[Opening Given information section]

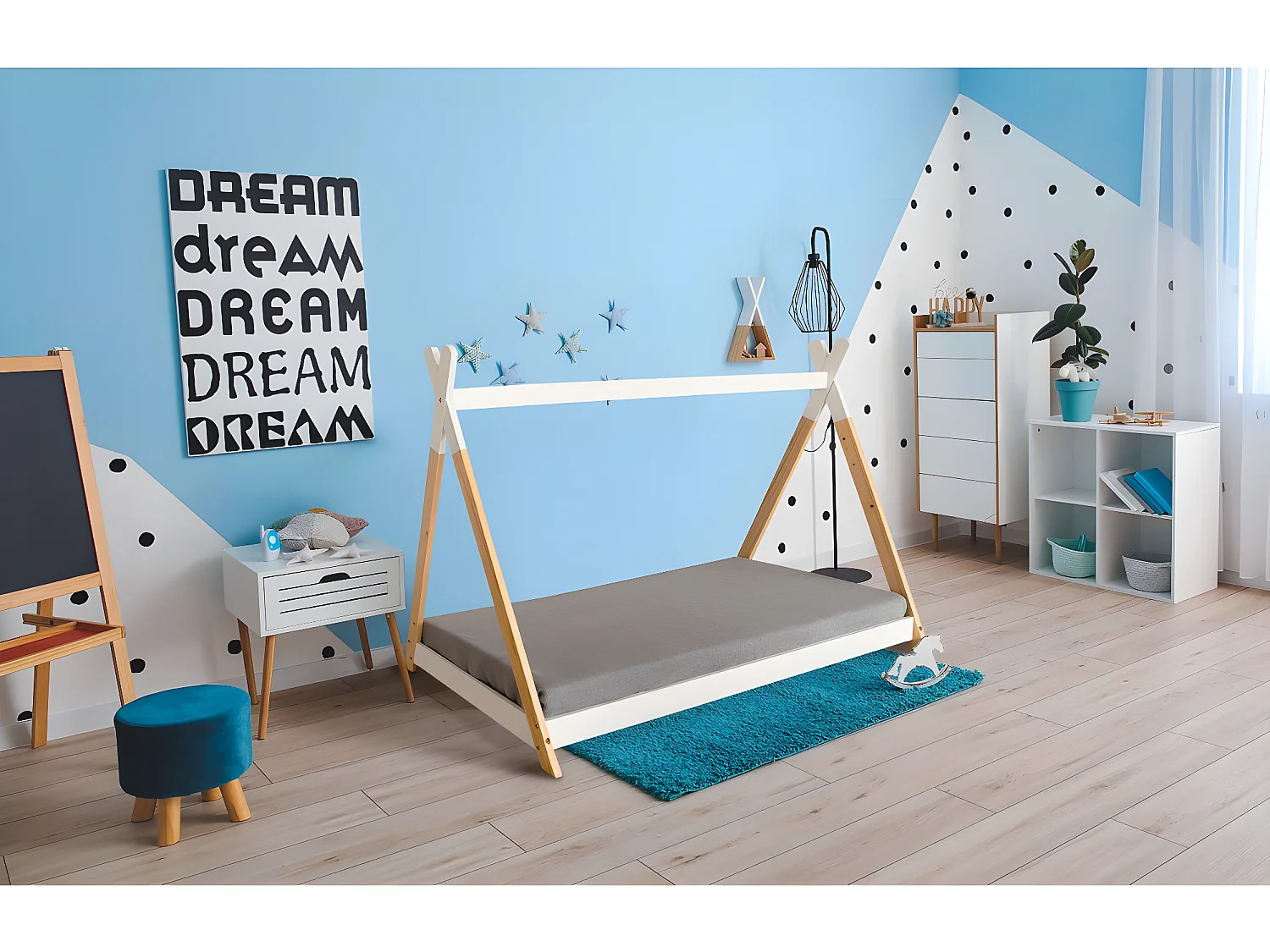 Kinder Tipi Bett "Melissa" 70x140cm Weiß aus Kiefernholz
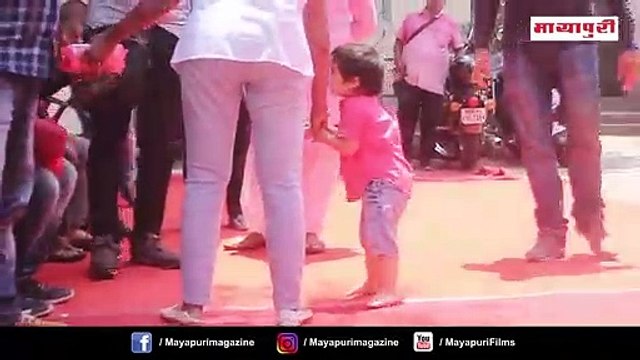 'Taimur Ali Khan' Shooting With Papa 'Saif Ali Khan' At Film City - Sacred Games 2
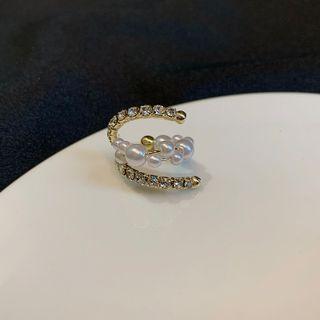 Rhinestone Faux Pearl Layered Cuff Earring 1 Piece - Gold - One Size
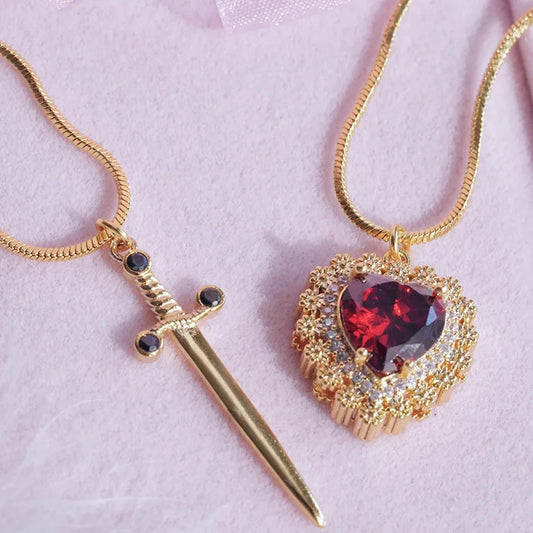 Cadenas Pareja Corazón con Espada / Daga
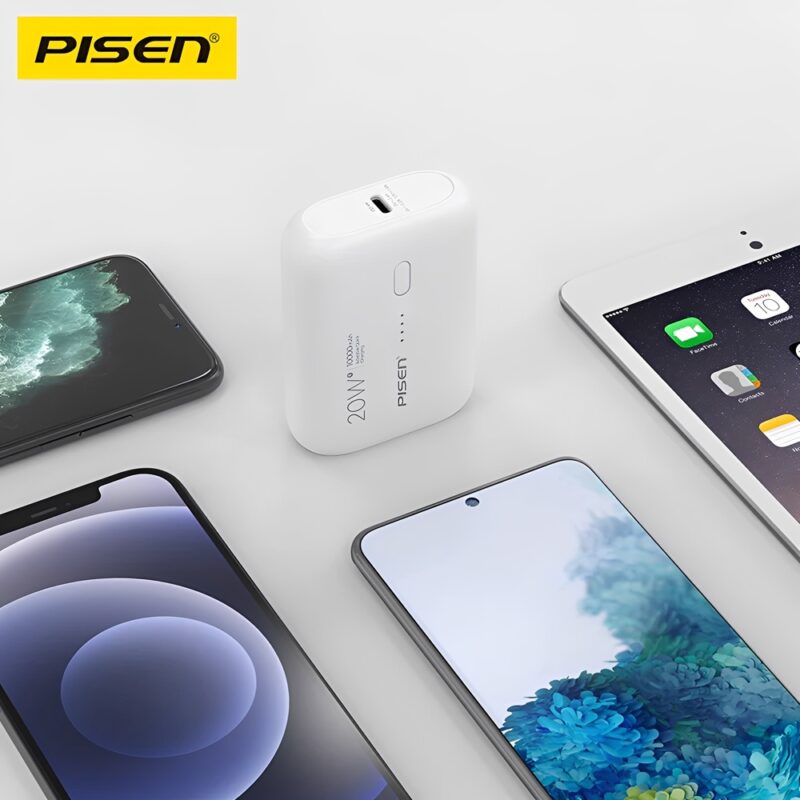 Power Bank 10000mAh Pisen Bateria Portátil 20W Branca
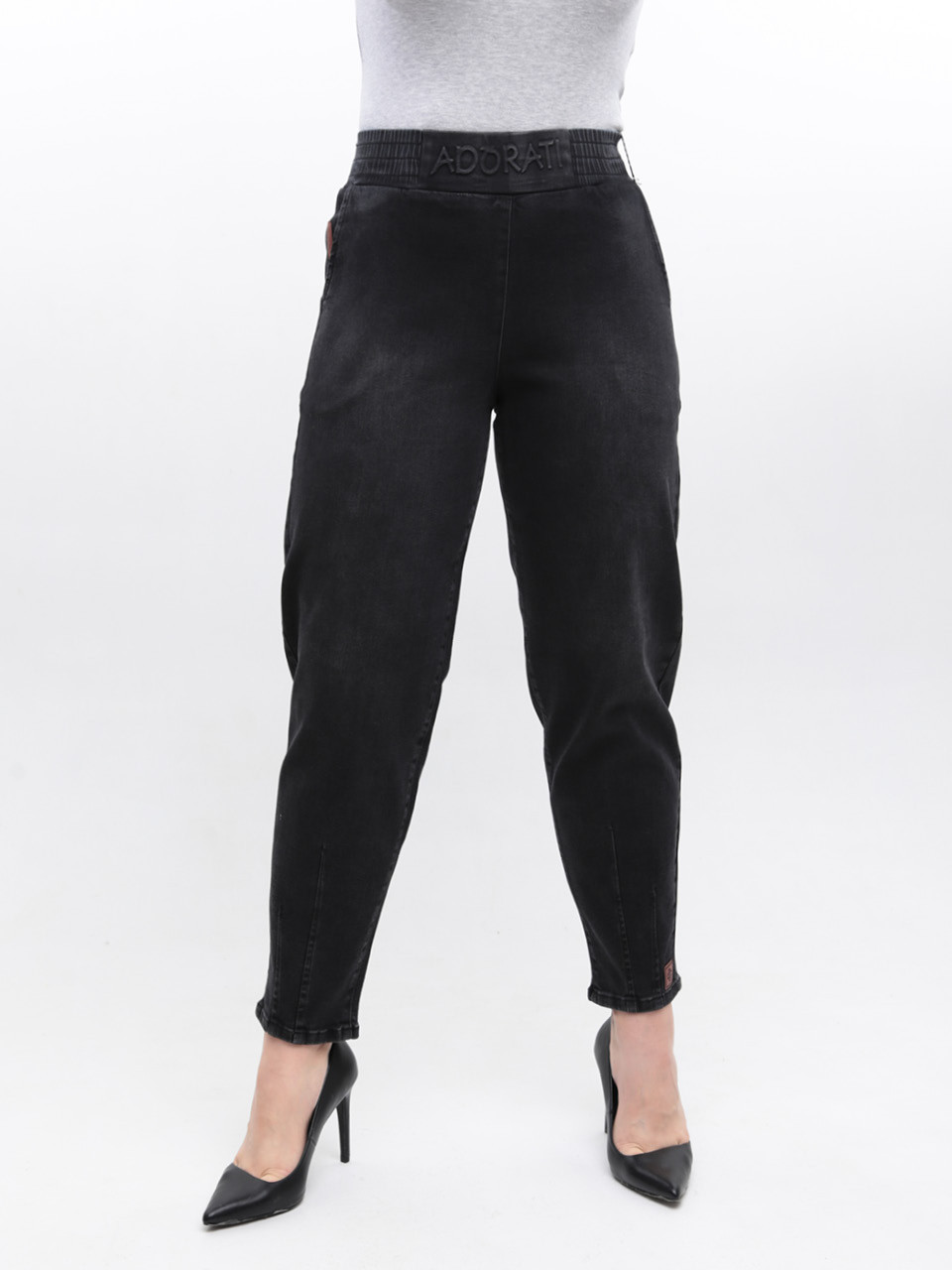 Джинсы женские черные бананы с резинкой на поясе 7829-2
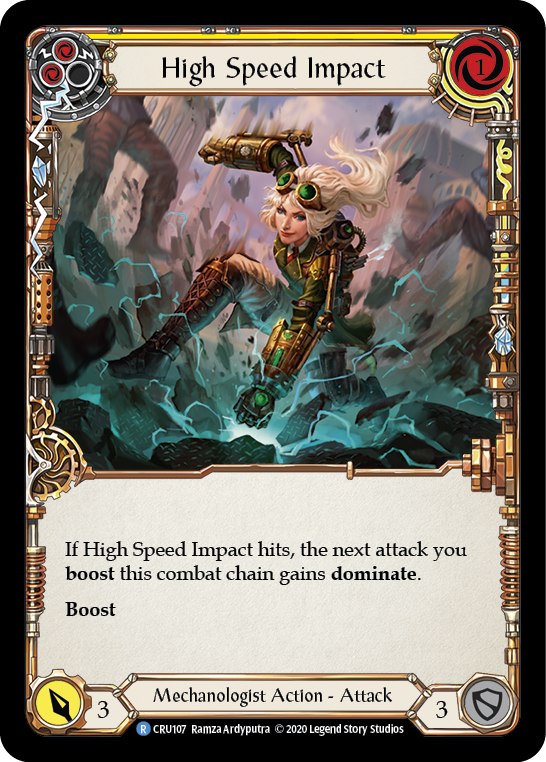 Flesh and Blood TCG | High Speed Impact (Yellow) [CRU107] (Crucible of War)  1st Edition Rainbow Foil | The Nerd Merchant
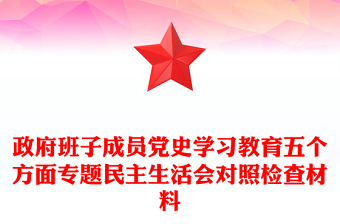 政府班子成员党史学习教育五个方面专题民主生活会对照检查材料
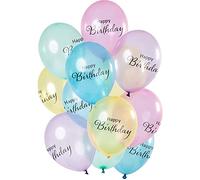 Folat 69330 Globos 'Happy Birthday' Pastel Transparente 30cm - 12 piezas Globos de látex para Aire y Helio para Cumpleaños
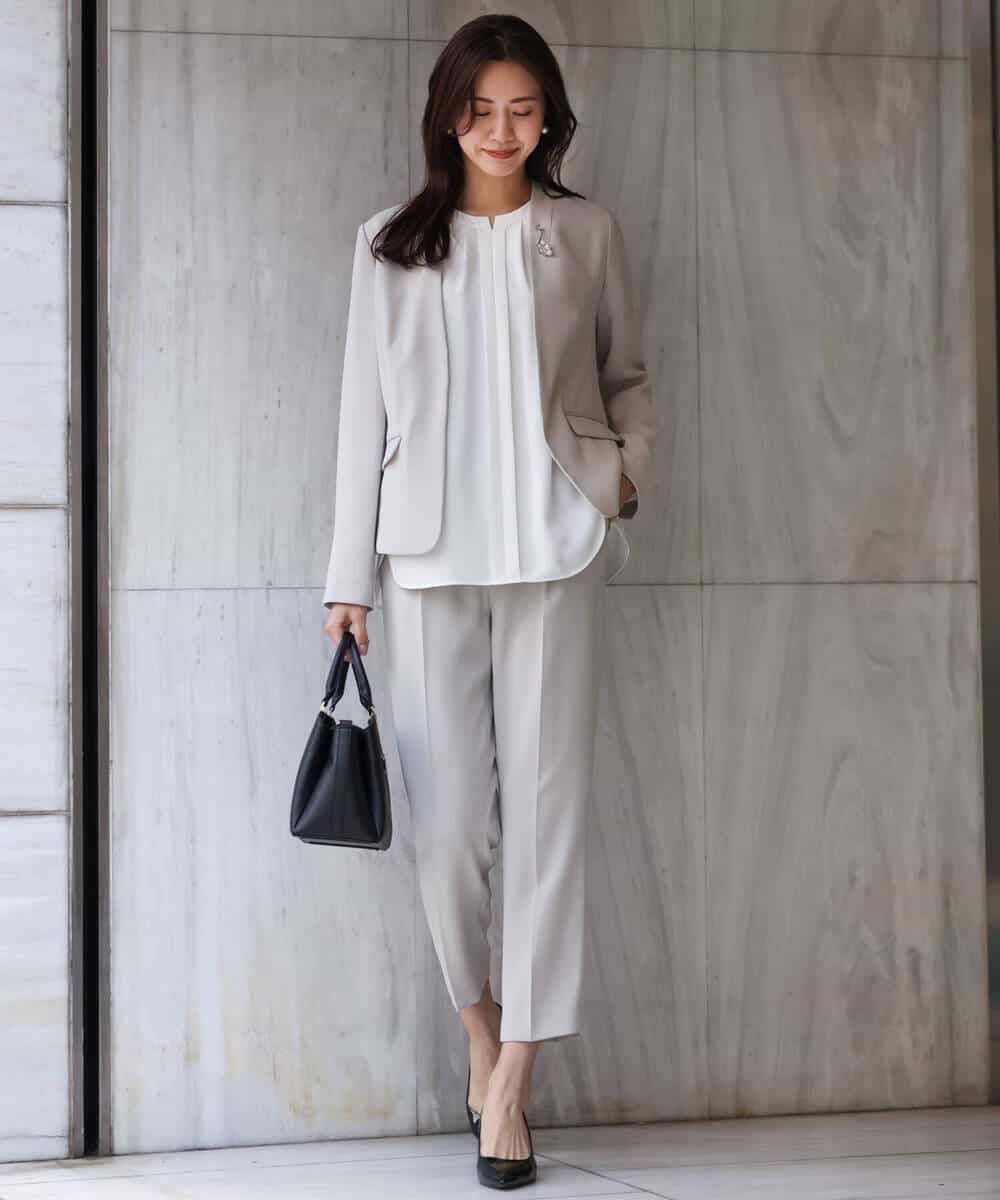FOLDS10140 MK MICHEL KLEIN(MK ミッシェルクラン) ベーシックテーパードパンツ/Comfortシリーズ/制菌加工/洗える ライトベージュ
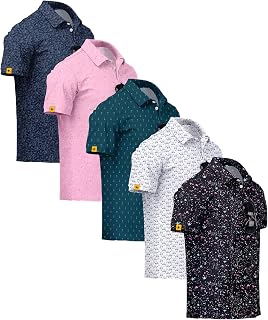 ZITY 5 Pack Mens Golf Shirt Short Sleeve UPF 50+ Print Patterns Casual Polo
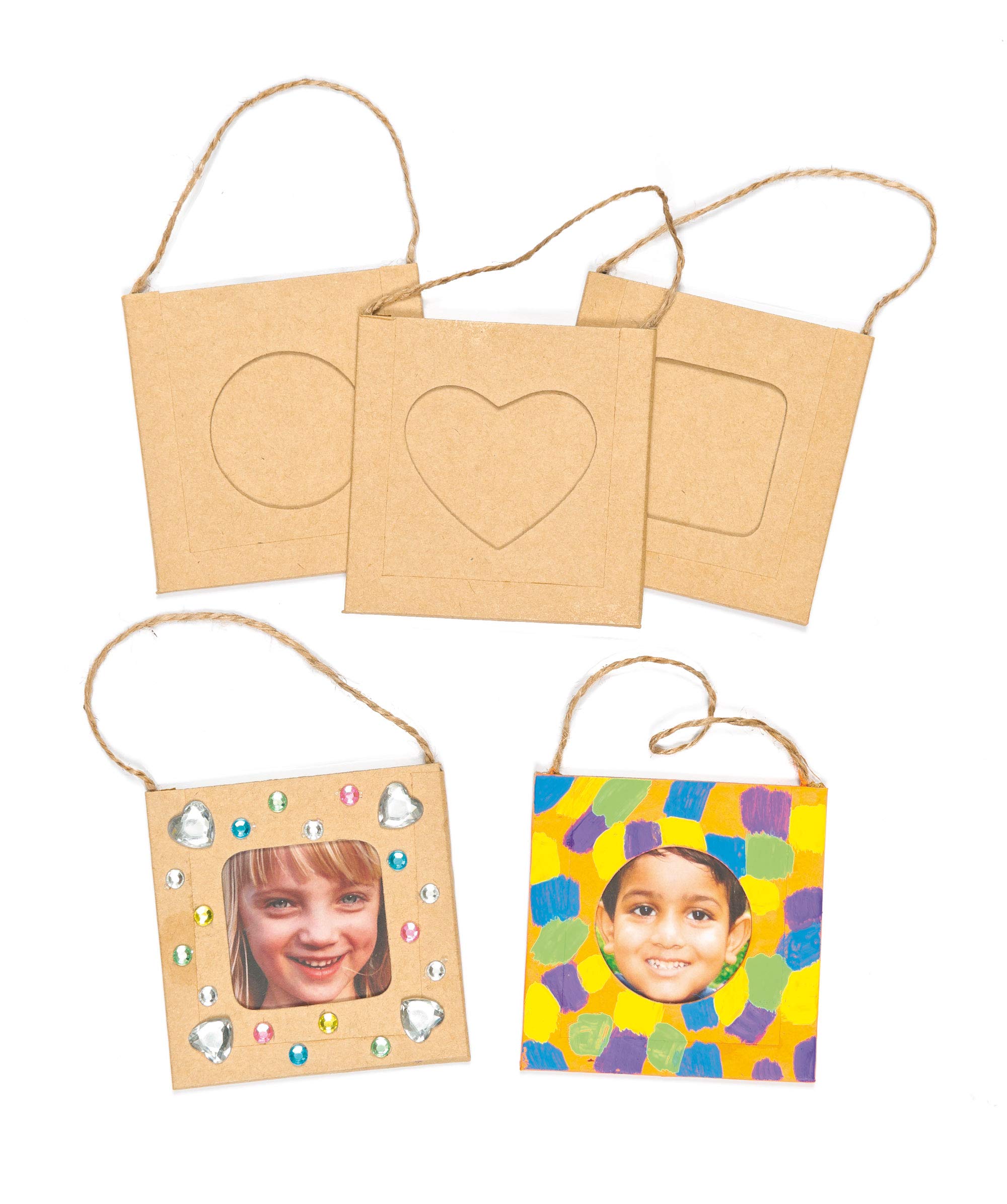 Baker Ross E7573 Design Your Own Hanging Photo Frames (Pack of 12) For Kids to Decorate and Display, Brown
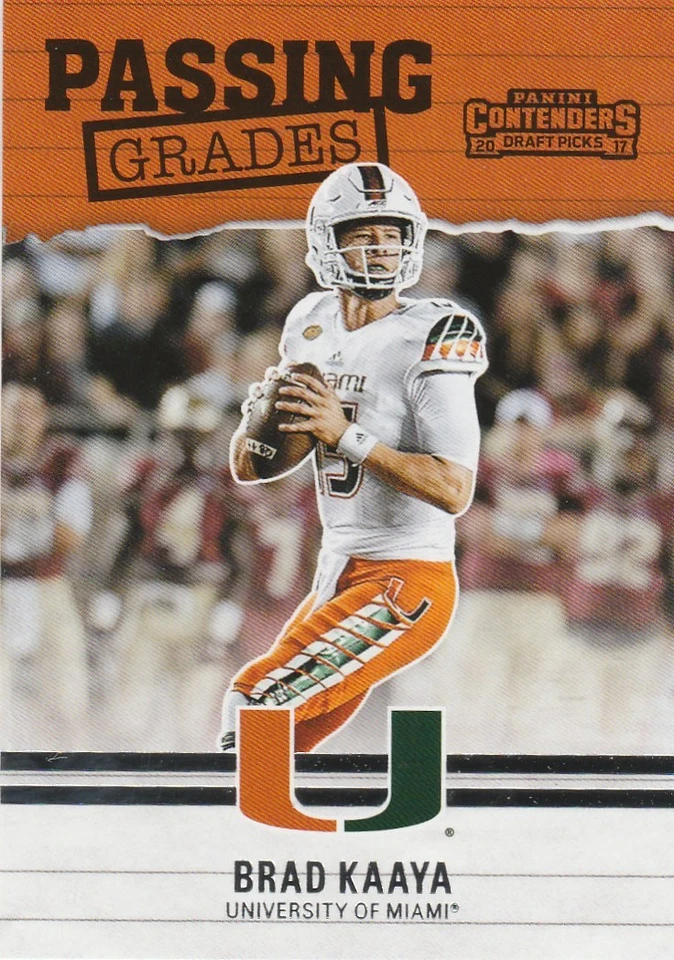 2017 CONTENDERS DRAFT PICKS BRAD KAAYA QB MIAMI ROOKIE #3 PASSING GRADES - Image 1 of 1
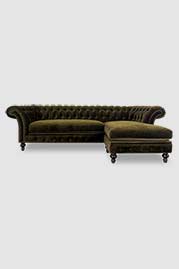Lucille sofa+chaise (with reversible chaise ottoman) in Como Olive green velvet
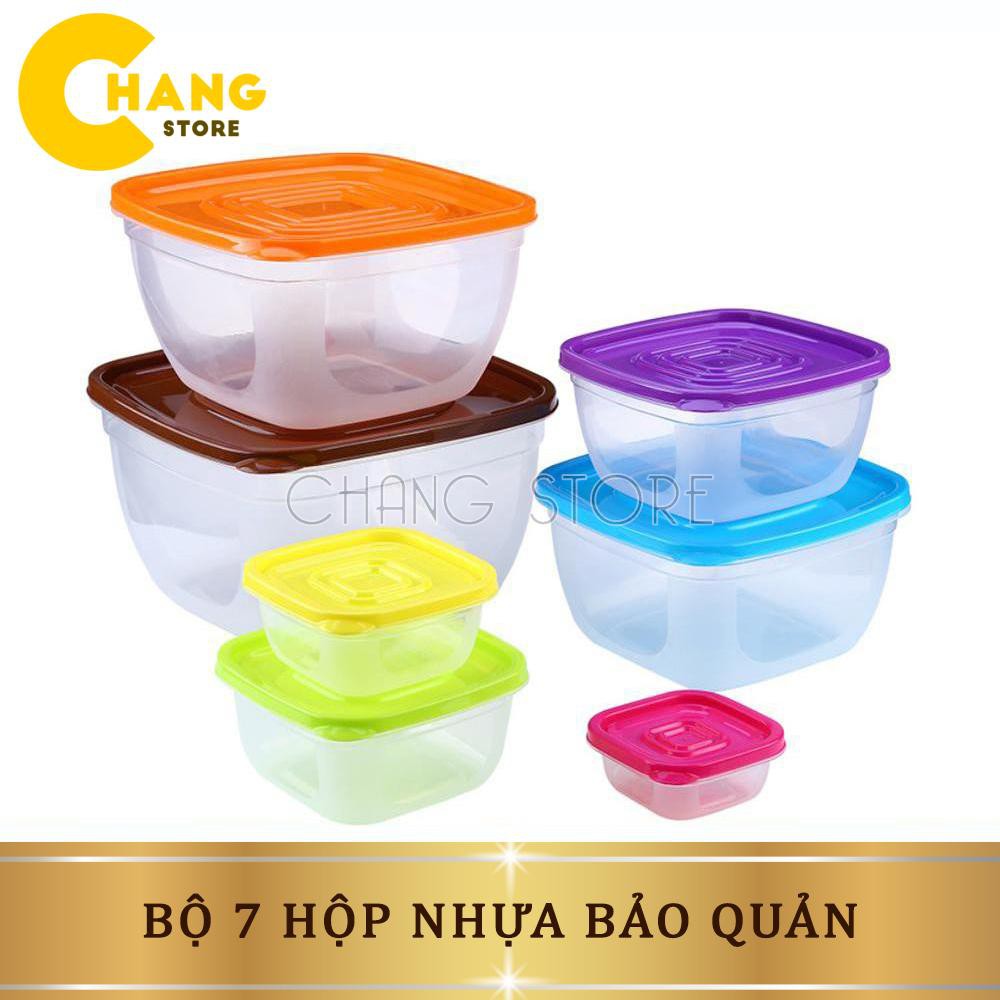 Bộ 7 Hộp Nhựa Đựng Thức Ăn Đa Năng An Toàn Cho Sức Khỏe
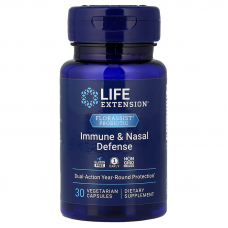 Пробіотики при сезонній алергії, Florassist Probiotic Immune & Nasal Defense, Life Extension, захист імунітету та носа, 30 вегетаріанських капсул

[Closing Given information section]

» Directions:
Repeat all entries exactly, pictures excluded.

» Exercise result:
 Kinder Tipi Bett "Melissa" 70x140cm Weiß aus Kiefernholz
 'Taimur Ali Khan' Shooting With Papa 'Saif Ali Khan' At Film City - Sacred Games 2
 Rhinestone Faux Pearl Layered Cuff Earring 1 Piece - Gold - One Size
 Cadenas Pareja Corazón con Espada / Daga
 Power Bank 10000mAh Pisen Bateria Portátil 20W Branca
 Джинсы женские черные бананы с резинкой на поясе 7829-2
 Flesh and Blood TCG | High Speed Impact (Yellow) [CRU107] (Crucible of War)  1st Edition Rainbow Foil | The Nerd Merchant
 政府班子成员党史学习教育五个方面专题民主生活会对照检查材料
 Folat 69330 Globos 'Happy Birthday' Pastel Transparente 30cm - 12 piezas Globos de látex para Aire y Helio para Cumpleaños
FOLDS10140 MK MICHEL KLEIN(MK ミッシェルクラン) ベーシックテーパードパンツ/Comfortシリーズ/制菌加工/洗える ライトベージュ
 ZITY 5 Pack Mens Golf Shirt Short Sleeve UPF 50+ Print Patterns Casual Polo
 Baker Ross E7573 Design Your Own Hanging Photo Frames (Pack of 12) For Kids to Decorate and Display, Brown
 2017 CONTENDERS DRAFT PICKS BRAD KAAYA QB MIAMI ROOKIE #3 PASSING GRADES - Image 1 of 1
Lucille sofa+chaise (with reversible chaise ottoman) in Como Olive green velvet
 Bộ 7 Hộp Nhựa Đựng Thức Ăn Đa Năng An Toàn Cho Sức Khỏe
 Пробіотики при сезонній алергії, Florassist Probiotic Immune & Nasal Defense, Life Extension, захист імунітету та носа, 30 вегетаріанських капсул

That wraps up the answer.